Thursday, June 23, 2011

Banana Bread

Warm and chewy, soft, sweet and fragrant; banana bread is a lactose-free dieter's dream dessert, and I'll tell you why: banana bread is not only a great comfort food and a really good use for brown bananas, it has no dairy in it whatsoever. Unless you put real butter in the mix of course.
My banana bread is wonderful, soft and almost flaky when warm, with a chewy denser texture after it has cooled. What's my secret? Margarine. About one fourth of the reccomended amount of fat called for (usually shortning) in the recipie of your choice, you subsitute with margarine. Do that and you will be in banana bread heaven, the margarine gives it a richness and it keeps me from slathering the stuff on it a half inch thick after it is done; which is by far worse than the small amount that I add to it.
To make this recipe even more decadent I spread it with my favorite sandwich topping: Nutella, giving a chocolate-banana feel. But I prefer to eat it plain.
With my recipe, the three close to black bananas that I had lying around made a loaf and six muffins, about a recipe and a half.
Banana Nut Bread (from the Better Homes and Gardens *New* Cookbook Copyright 1976)
1/3 cup shortening
1/2 cup sugar
2 eggs
1 3/4 cups sifted all purpose flour
1 teaspoon baking powder
1/2 teaspoon soda
1/2 teaspoon salt
1 cup mashed ripe banana (about 2 bananas)
1/2 cup chopped walnuts (I left out the nuts, not just because I didn't have any, but because I wanted my one-year-old to be able to eat the bread too)
Cream together shortening and sugar; add eggs and beat well.
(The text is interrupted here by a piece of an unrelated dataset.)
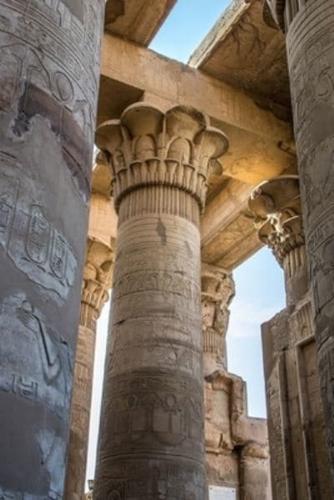 Column at Temple of Horus (Edfu) Journal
Sift together dry ingredients; add to creamed mixture alternately with banana, blending well after each addition. Stir in nuts (or not).
Pour into well-greased 9x5x3-inch loaf pan. Bake in moderate oven (350 F) 45 to 50 minutes or till done (my loaf took the full 50, but the muffins took less time, about 35-40 minutes). Remove from pan; cool on rack. Wrap and store overnight.
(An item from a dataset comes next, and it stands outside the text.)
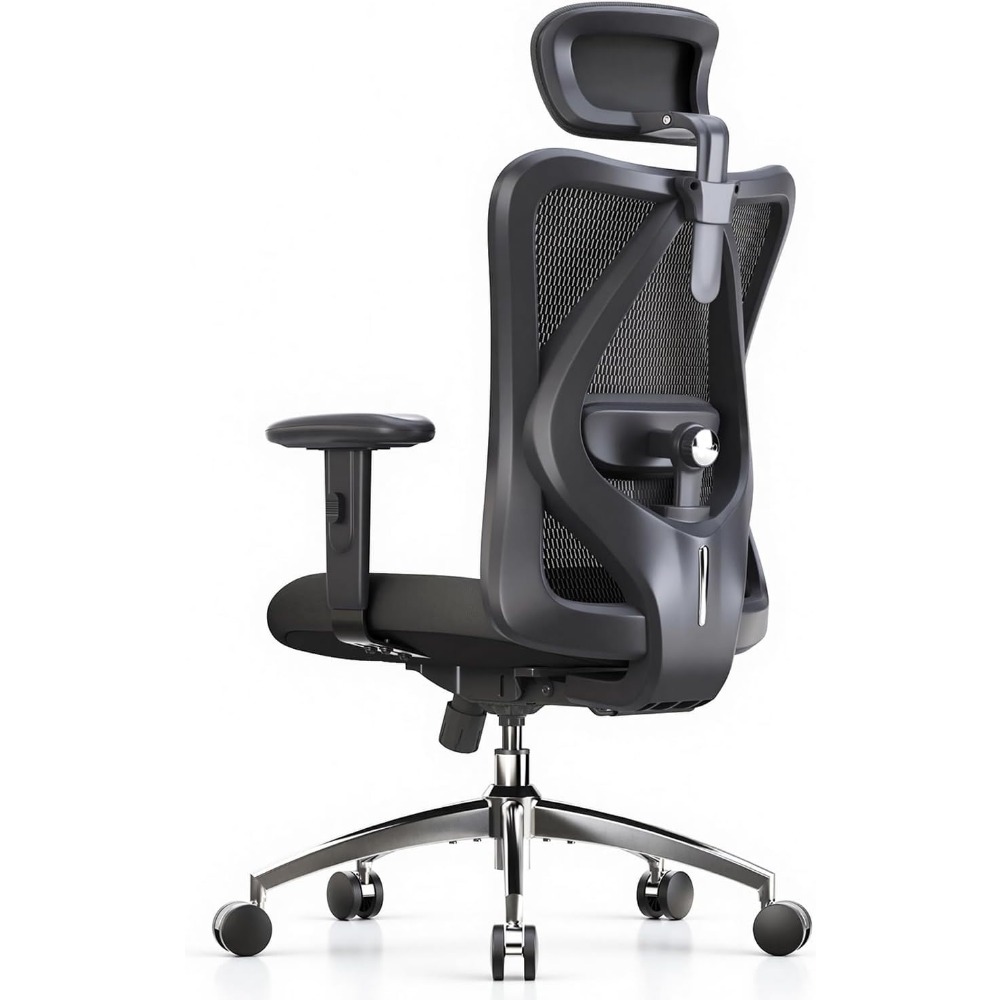 人間工学に基づいたメッシュデスクチェア、調節可能なランバーサ - Home Office Chair のレビューと価格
I love looking at older recipes, especially ones that my mom collected from the sixties and seventies. It is interesting to note that baking soda is called just "soda" and a "moderate" oven was 350 degrees farenheight. Older recipes give insight into what was popular in the food world at those times and how important cooking was by how complicated the dishes they chose to prepare were.